>>>>
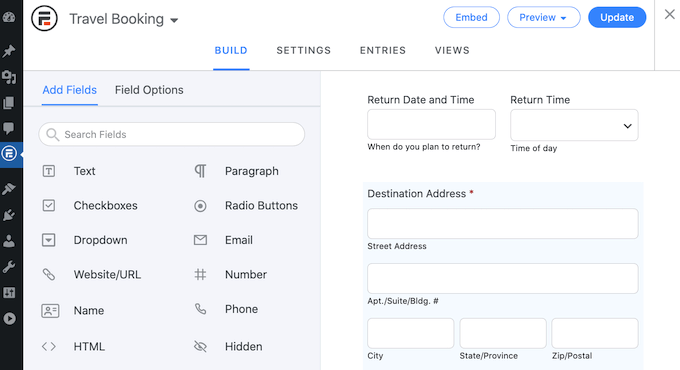 Adding fields to a WordPress form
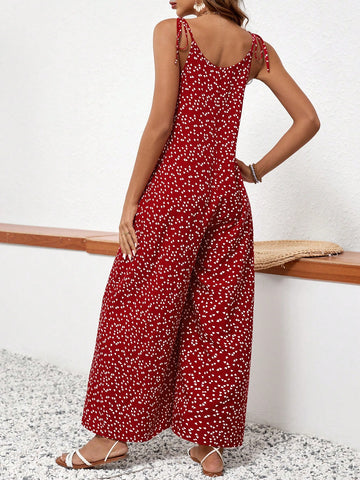 Women's Heart Print Strap Jumpsuit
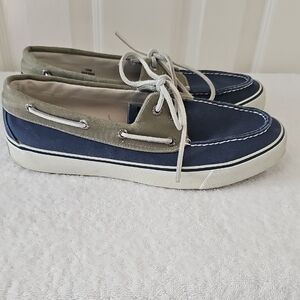 Sperry Top Sider Boat Shoe Lace Ups Blue & Gray with White Soles Size 10M EUC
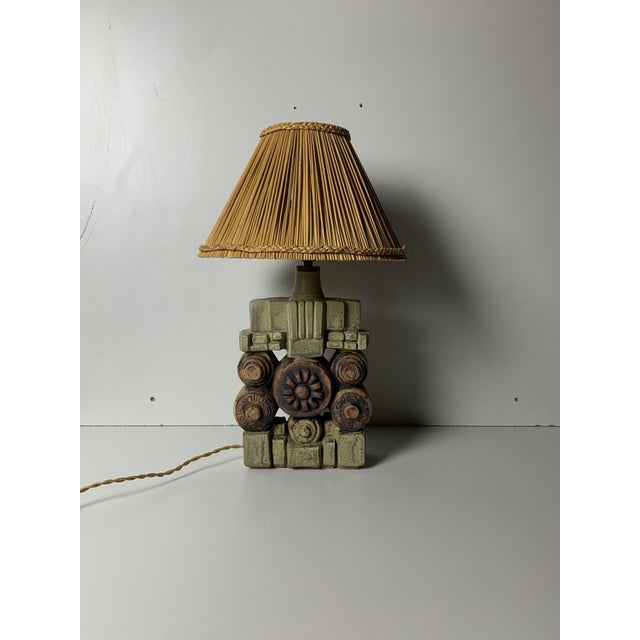 Mid-Century Modern Brutalist Ceramic Table Lamp by Bernard Rooke, 1970s For Sale - Image 15 of 17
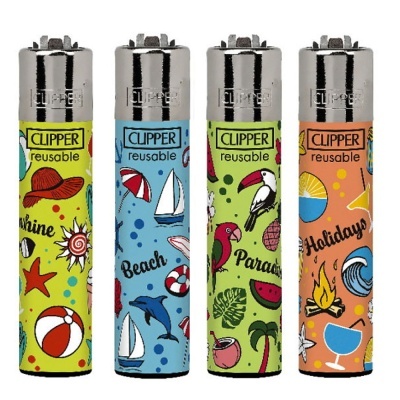 Isqueiros Clipper reutilizáveis coloridos com desenhos de praia e verão.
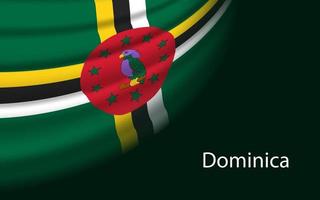 Wave flag of Dominica on dark background. vector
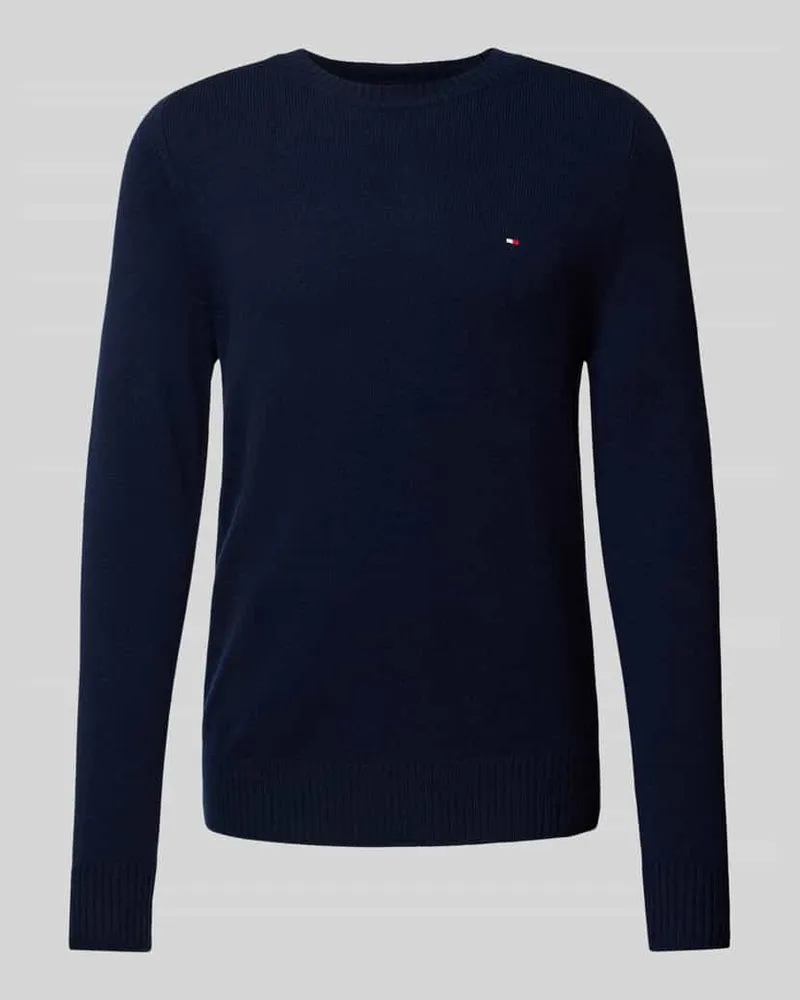 Tommy Hilfiger Wollpullover mit Logo-Stitching Marine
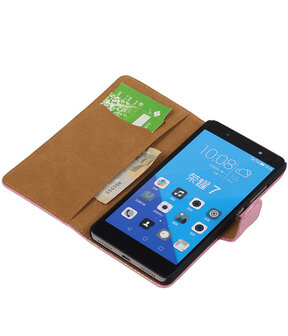 Huawei Honor 7 Lace Kant Bookstyle Wallet Hoesje Roze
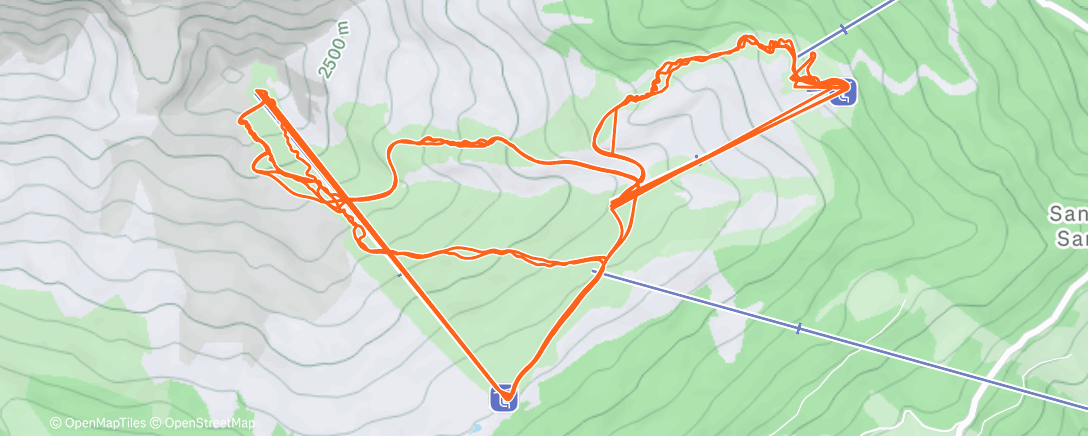 Map of the activity, Sessione di sci val d'ultimo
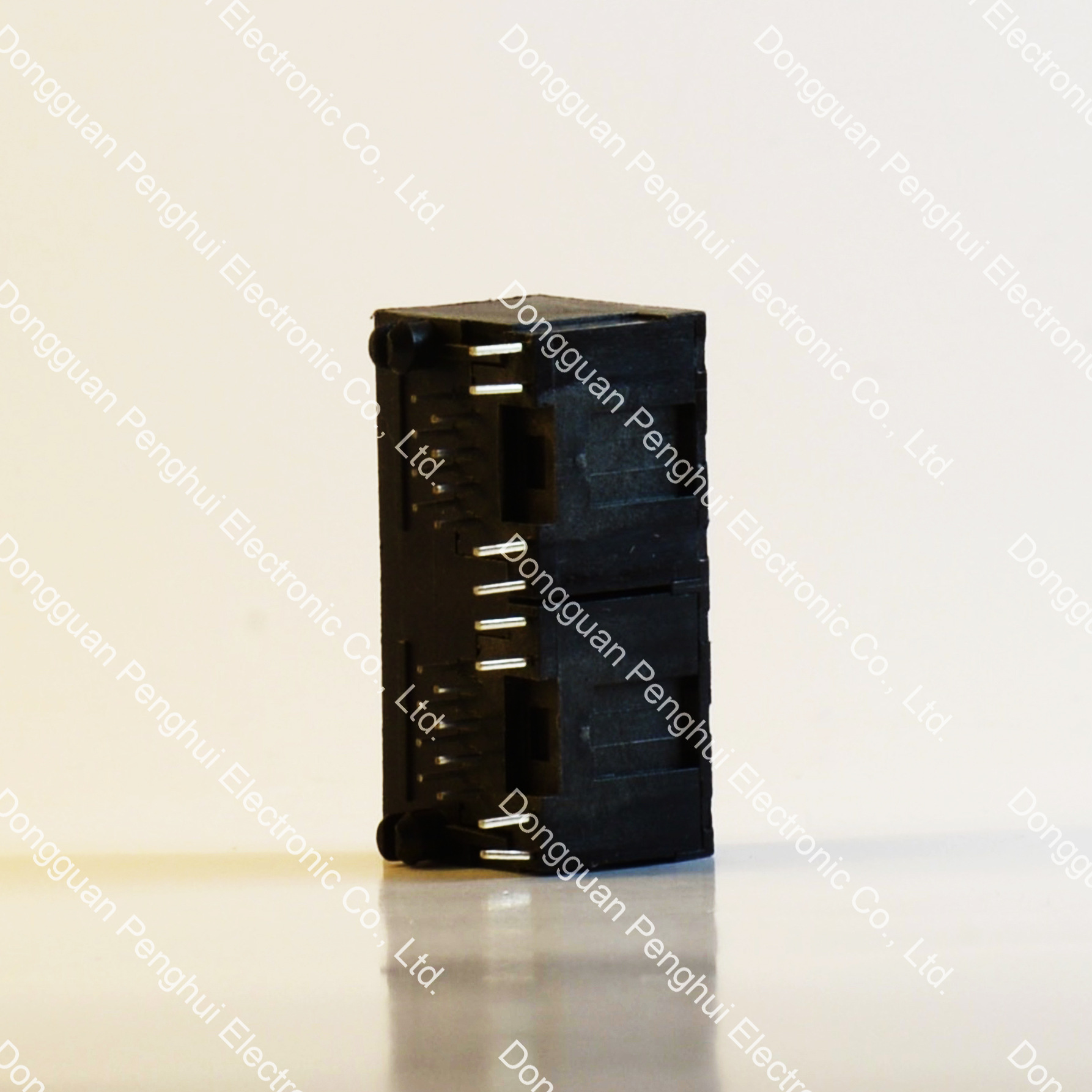 批发RJ45连接器 8P8C 带灯 90度 DIP 1×2 RJ45网络插座 52系列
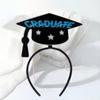 Non-slip Bachelor Cap Hair Hoop Celebrate Graduation Hat Hairband  Graduation Party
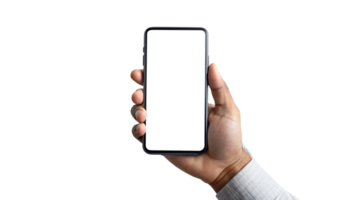 Hand Holding Smartphone With White Screen on Transparent Background png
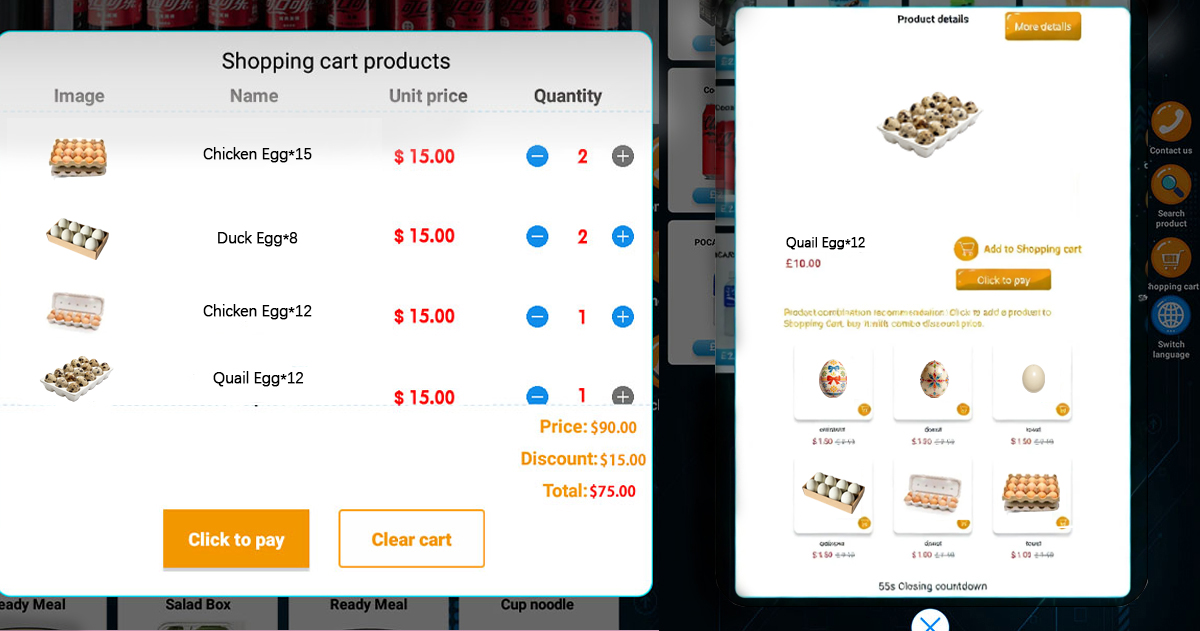 Smart Egg Vending Machine with revenue growth tools- sell more and increase profit per customer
<<<<
Work to complete:
Excluding all images, transcribe the material word for word.

Expected output:
 Adding fields to a WordPress form
 Women's Heart Print Strap Jumpsuit
 Sperry Top Sider Boat Shoe Lace Ups Blue & Gray with White Soles Size 10M EUC
 Mid-Century Modern Brutalist Ceramic Table Lamp by Bernard Rooke, 1970s For Sale - Image 15 of 17
 Isqueiros Clipper reutilizáveis coloridos com desenhos de praia e verão.
 Wave flag of Dominica on dark background. vector
 Tommy Hilfiger Wollpullover mit Logo-Stitching Marine
 Huawei Honor 7 Lace Kant Bookstyle Wallet Hoesje Roze
 Map of the activity, Sessione di sci val d'ultimo
 批发RJ45连接器 8P8C 带灯 90度 DIP 1×2 RJ45网络插座 52系列
 Non-slip Bachelor Cap Hair Hoop Celebrate Graduation Hat Hairband  Graduation Party
 Hand Holding Smartphone With White Screen on Transparent Background png
 Smart Egg Vending Machine with revenue growth tools- sell more and increase profit per customer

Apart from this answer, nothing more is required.